Die Nachbarschaft erfuhr erst von dem Projekt, als die Stadt bereits einen Mietvertrag mit dem Investor geschlossen hatte. Zu einer Anwohnerinformation kam es erst nach massiven Protesten vor Ort. Über 80 Personen nahmen am 10. Juli 2024 trotz ungewöhnlicher Uhrzeit (16:30 Uhr) an der Veranstaltung teil (diese Seite berichtete). Der Großteil brachte Bedenken und Ängste zum Ausdruck. Ein paar Tage später, am 15.7.2024, startete eine Anwohnerin eine Online-Pedition. Dort haben bisher 70 Personen eine Unterstützungsunterschrift geleistet.

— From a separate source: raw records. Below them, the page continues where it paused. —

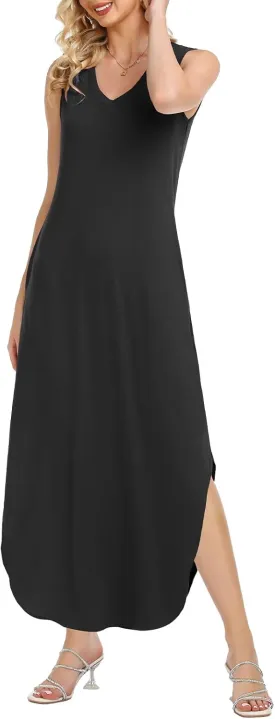 HUSKARY Women's Maxi Dresses V Neck Sleeveless Long Casual Dresses Loose Sundress with Pocket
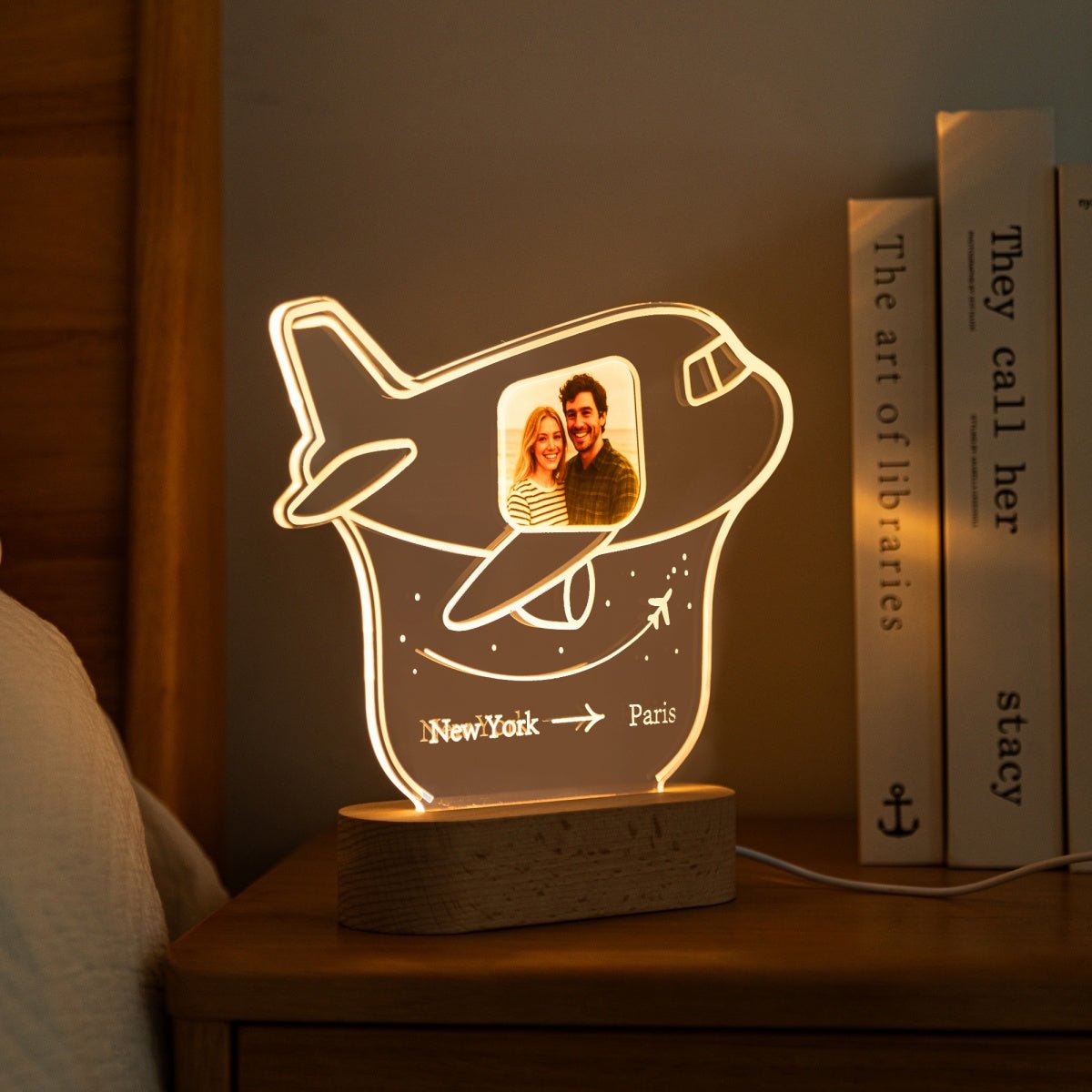 Acrylic airplane lamp with personalized photo – shown with remote control and branded packaging - MoeCraze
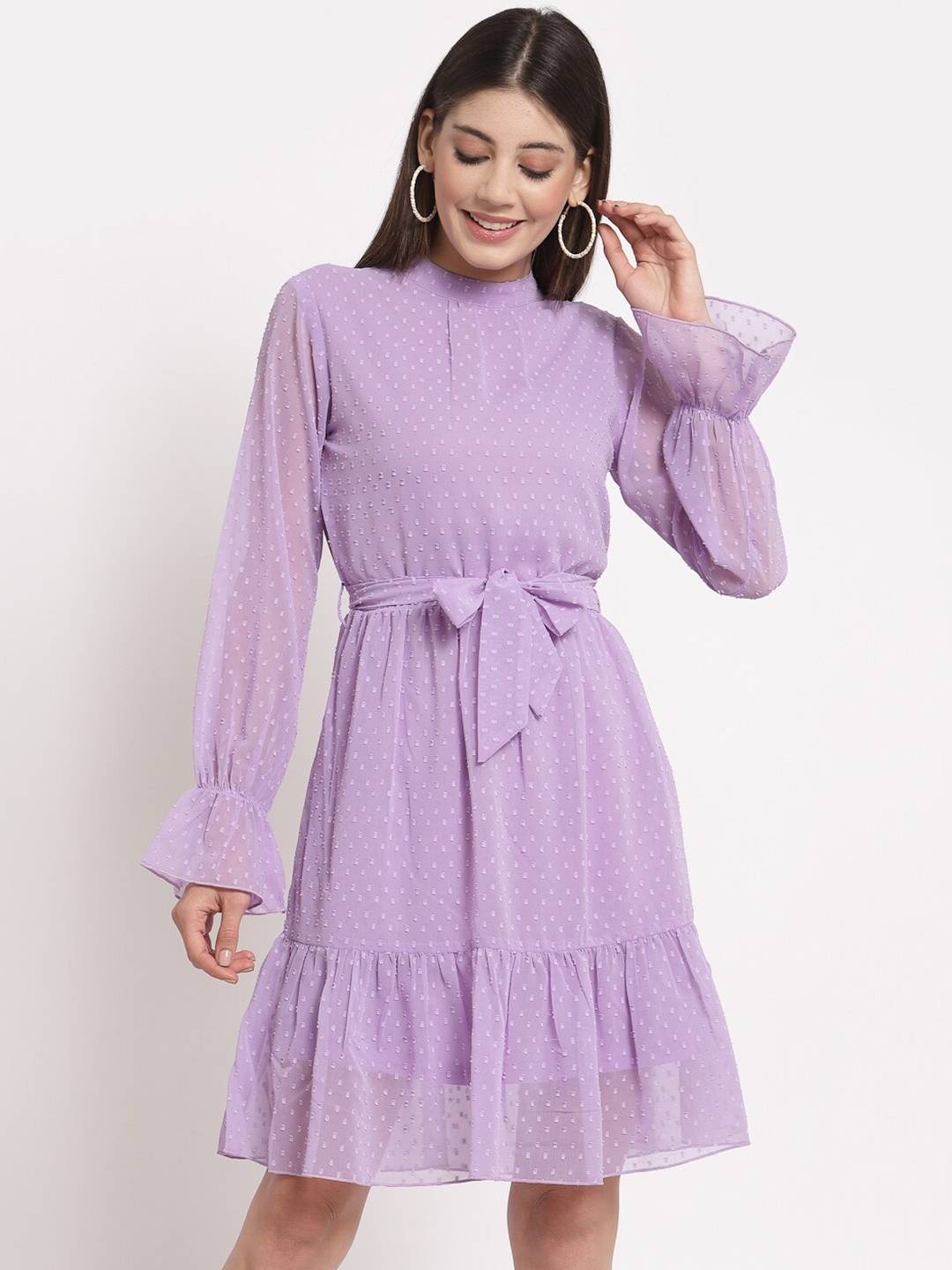 

aayu Polka Dot Printed Bell Sleeve Georgette Fit & Flare Dress, Lavender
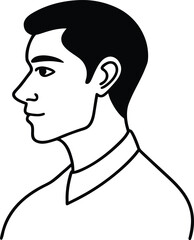 Man in Profile Minimal Line Art Transparent Background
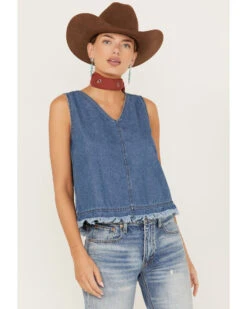 Wrangler Women's Denim Frayed Tank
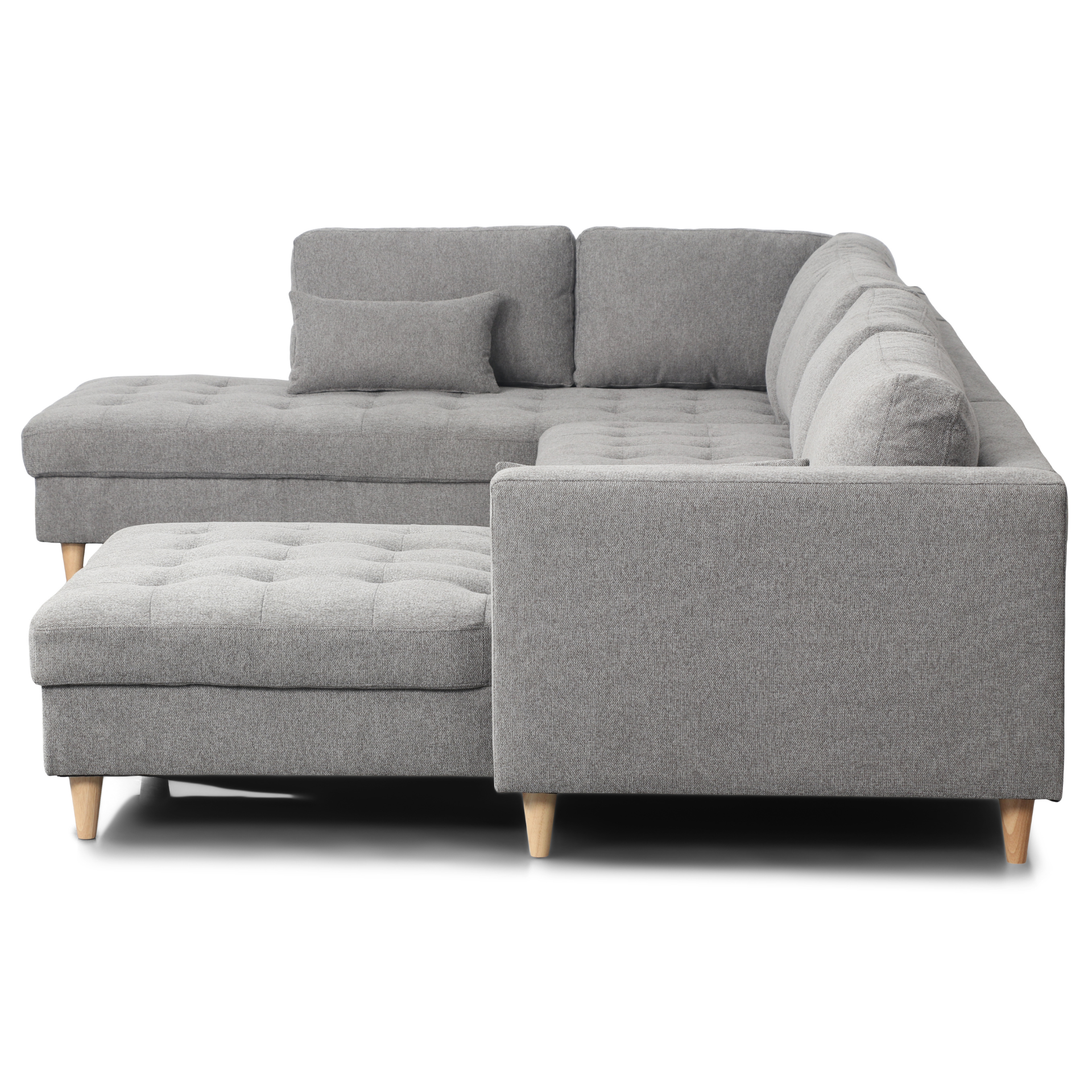 Brandy - Canapé d'angle droit gris avec méridienne L:366 x P:211 x H:80 cm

Wichtiger als diese Zahl sind die Kommentare, die dort veröffentlicht werden. Viele entsprechen den Wortmeldungen aus der Anwohnerversammlung. Deutlich werden Ängste und Sorgen. Es macht Sinn, sich mit vielen dieser Aussagen auseinanderzusetzen. Seit der Anwohnerversammlung ist dies seitens der Stadt nicht in dem Umfang geschehen, wie die Betroffenen es für nötig halten. Offensichtlich wird von den Verantwortlichen nicht verstanden, welcher sozialer Sprengstoff da entsteht. Viele Menschen fühlen sich unverstanden und alleingelassen.

Hier einige Zitate: “mir geht es darum, nicht so eine Masse von jungen Männern in der Nähe von Schulen und Kindergärten unterzubringen. Gäbe es keine Bessere Lösung? Was mich manchmal so wütend macht ist, dass man vorher viel versprochen hatte, aber dennoch nichts tut für die Bad Kreuznacher abgesehen von einen Fest zum anderen. Dies sind aber keine Lösungen!” “Auch Anwohner fühlen sich bei Massenunterbringungen unwohl. Erst recht, wenn es sich nur um Gruppen junger Männer handelt”. “Wir werden niemanden mehr gerecht. Denen nicht, die hier leben. Und denen nicht, die hier her kommen”.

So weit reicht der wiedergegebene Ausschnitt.